» **Work order**:
Lines from the one containing "Property photo 3 of 29 Dining Room" through the final line of the data, restated word for word and free of pictures, make up the whole answer.

---------- Given data

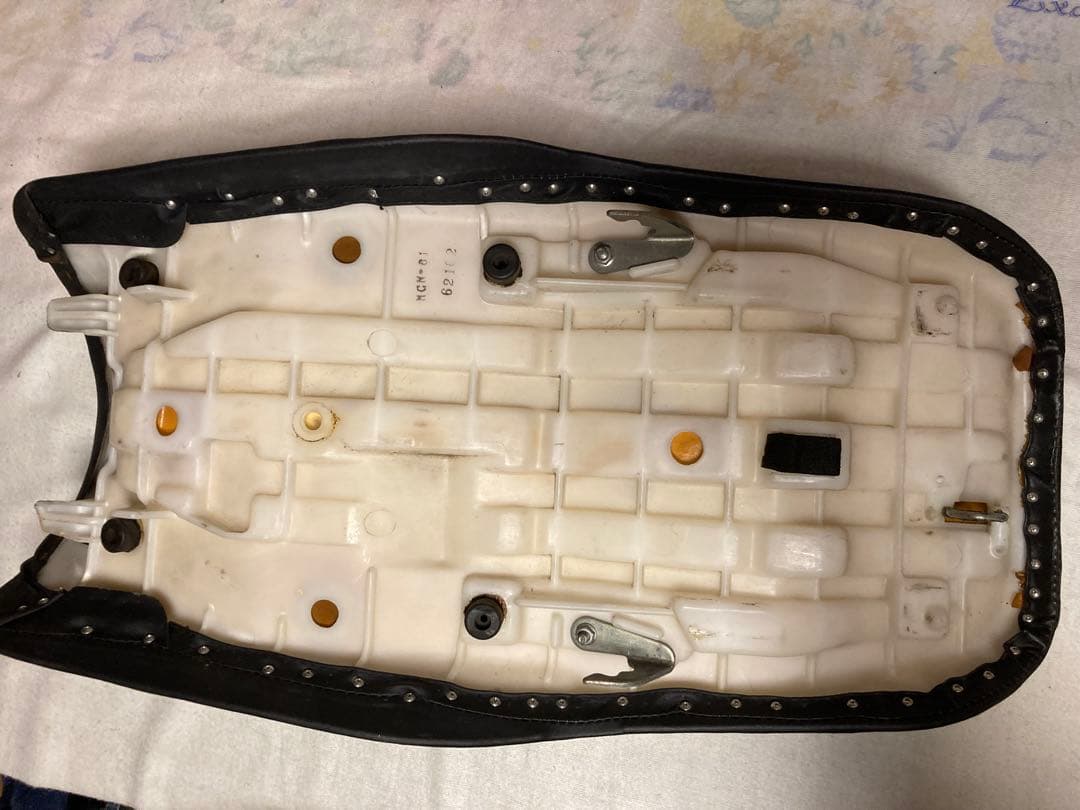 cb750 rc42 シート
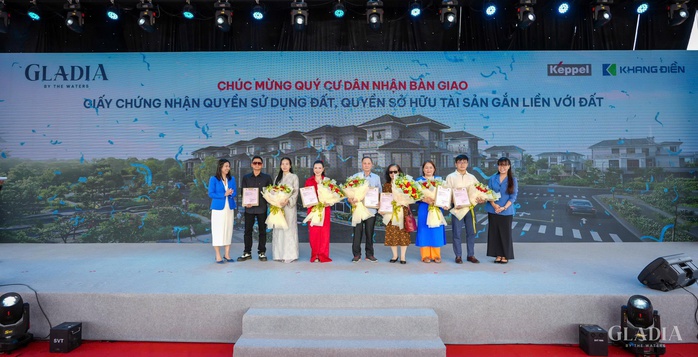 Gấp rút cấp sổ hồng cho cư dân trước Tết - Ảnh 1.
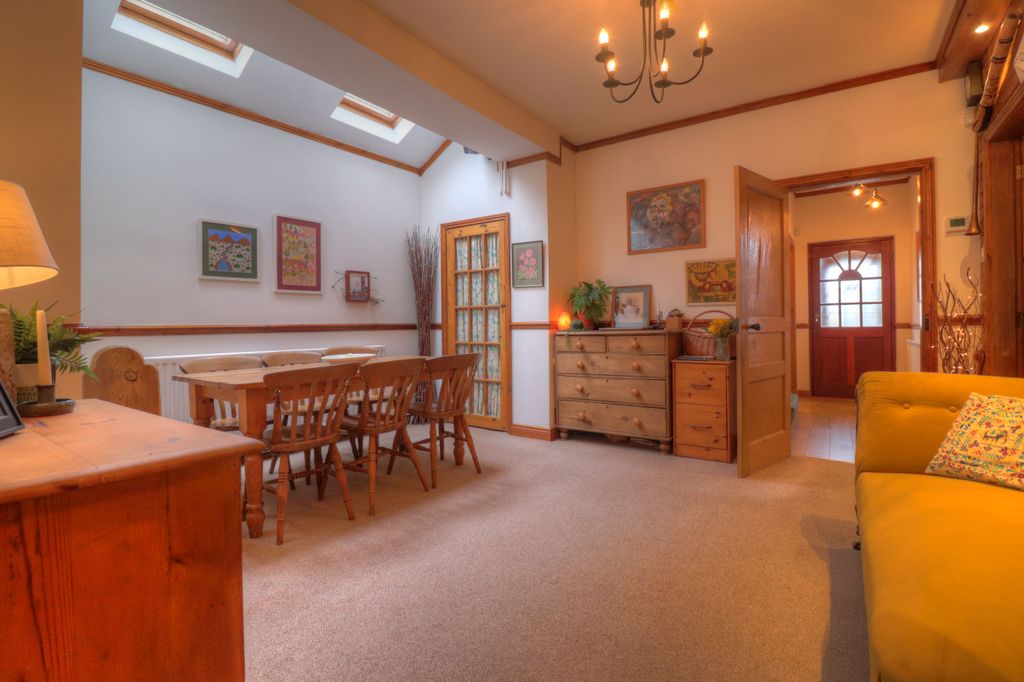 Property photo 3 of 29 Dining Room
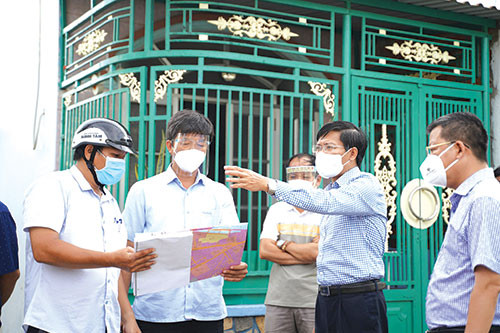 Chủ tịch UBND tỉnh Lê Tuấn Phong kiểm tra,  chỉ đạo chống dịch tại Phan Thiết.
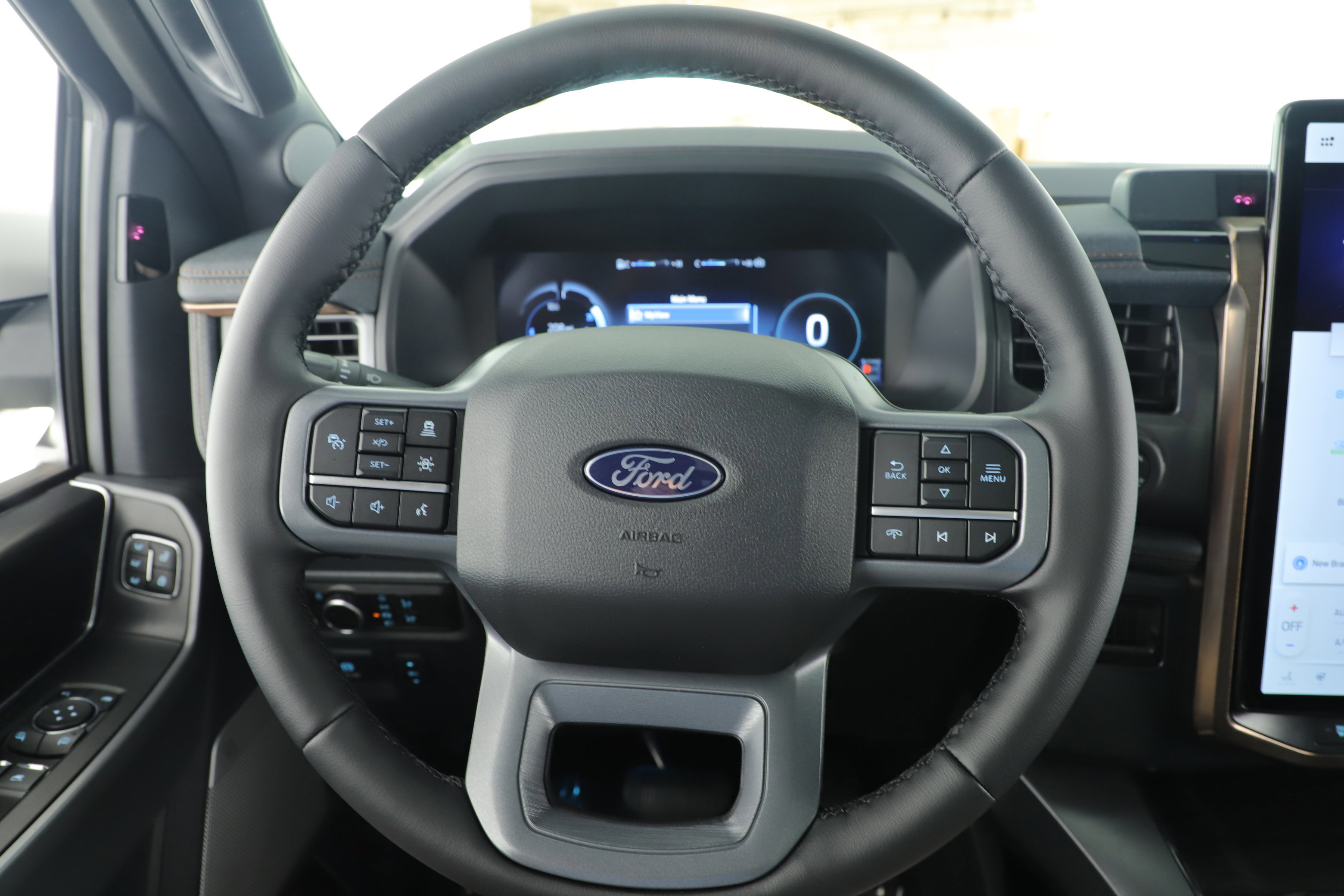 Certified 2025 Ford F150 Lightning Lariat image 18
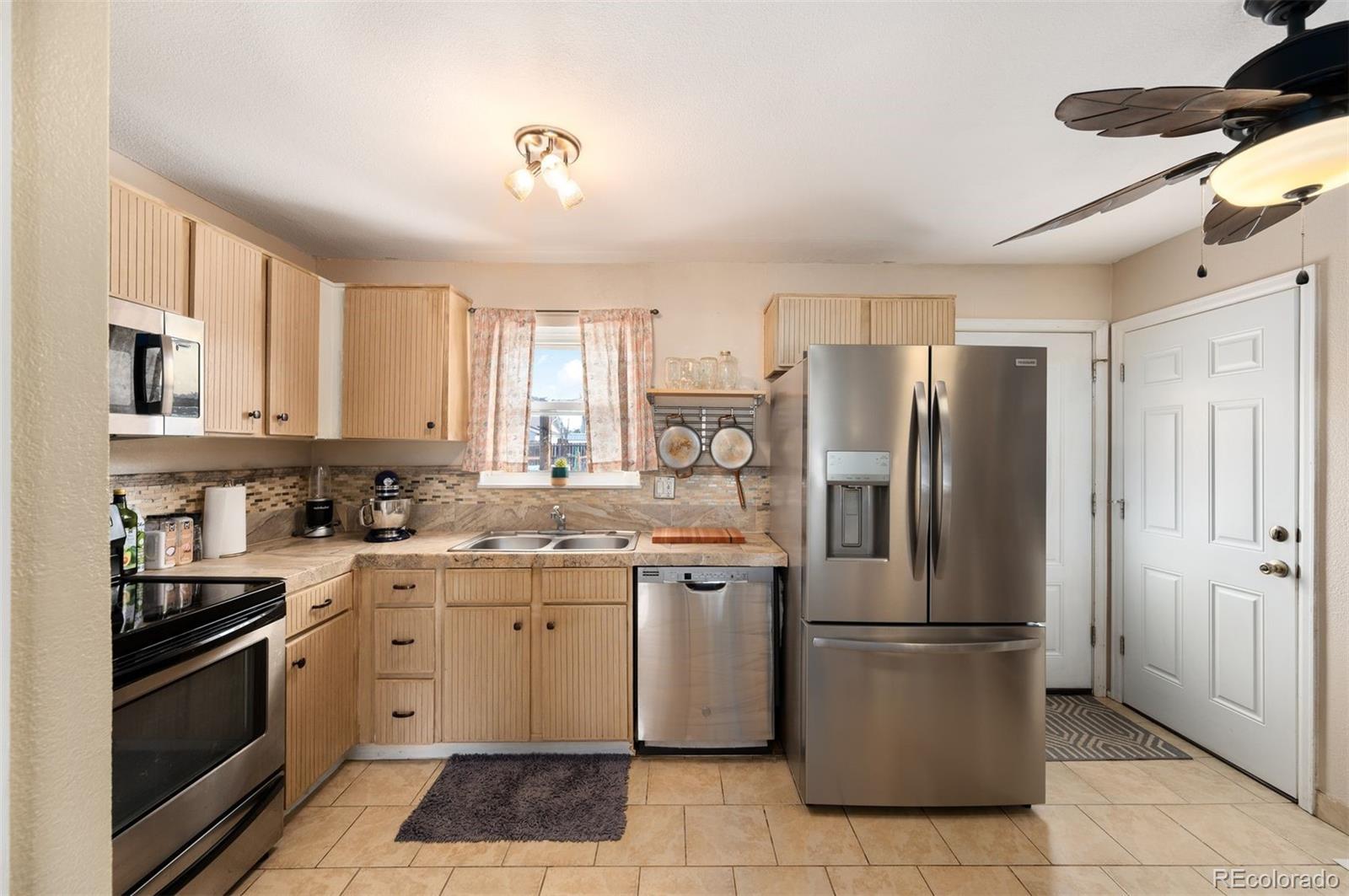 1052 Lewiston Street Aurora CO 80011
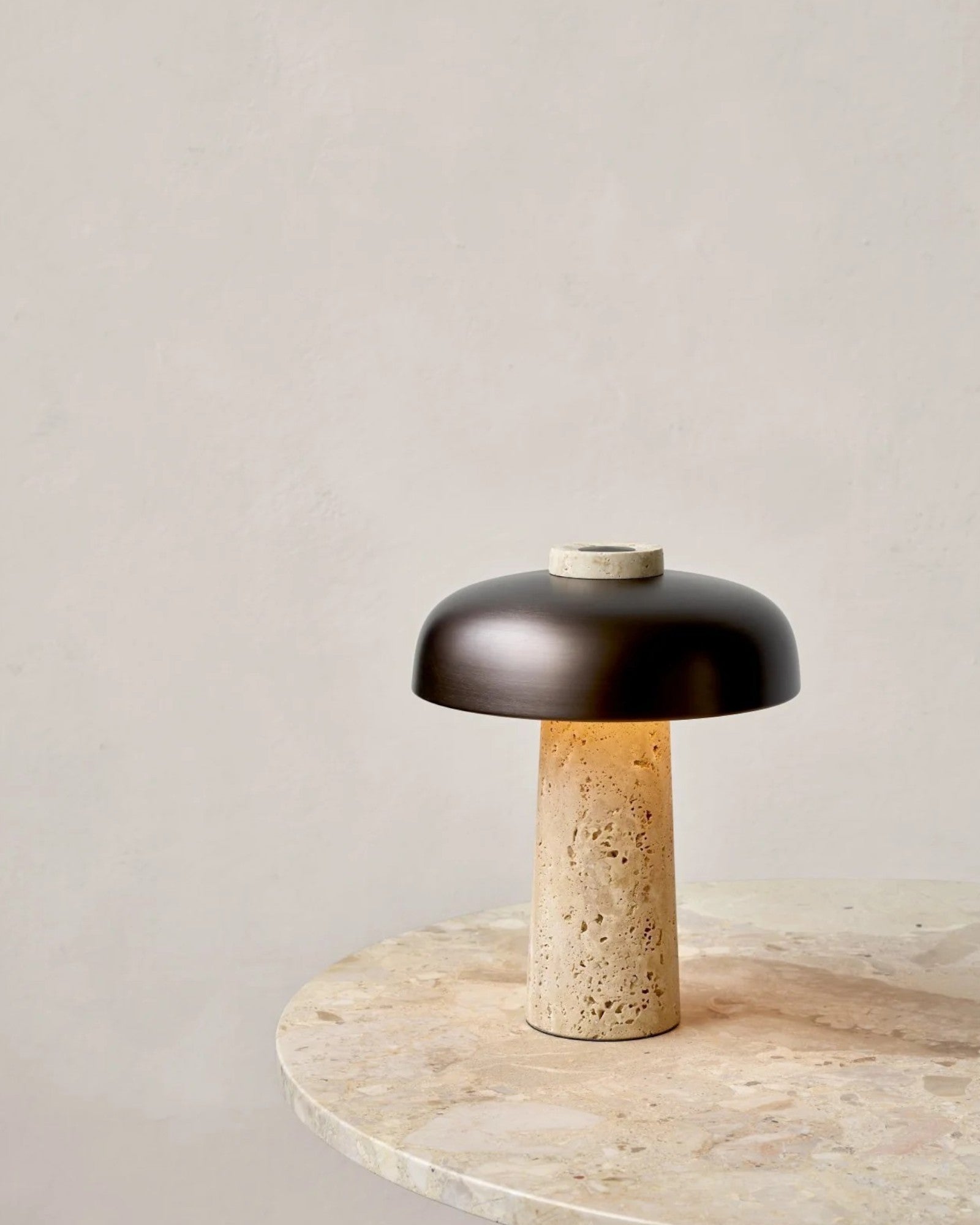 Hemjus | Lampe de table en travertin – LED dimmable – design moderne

--------------------

» **Solved exercise**:
 Property photo 3 of 29 Dining Room
 Chủ tịch UBND tỉnh Lê Tuấn Phong kiểm tra,  chỉ đạo chống dịch tại Phan Thiết.
 Certified 2025 Ford F150 Lightning Lariat image 18
 1052 Lewiston Street Aurora CO 80011
 Hemjus | Lampe de table en travertin – LED dimmable – design moderne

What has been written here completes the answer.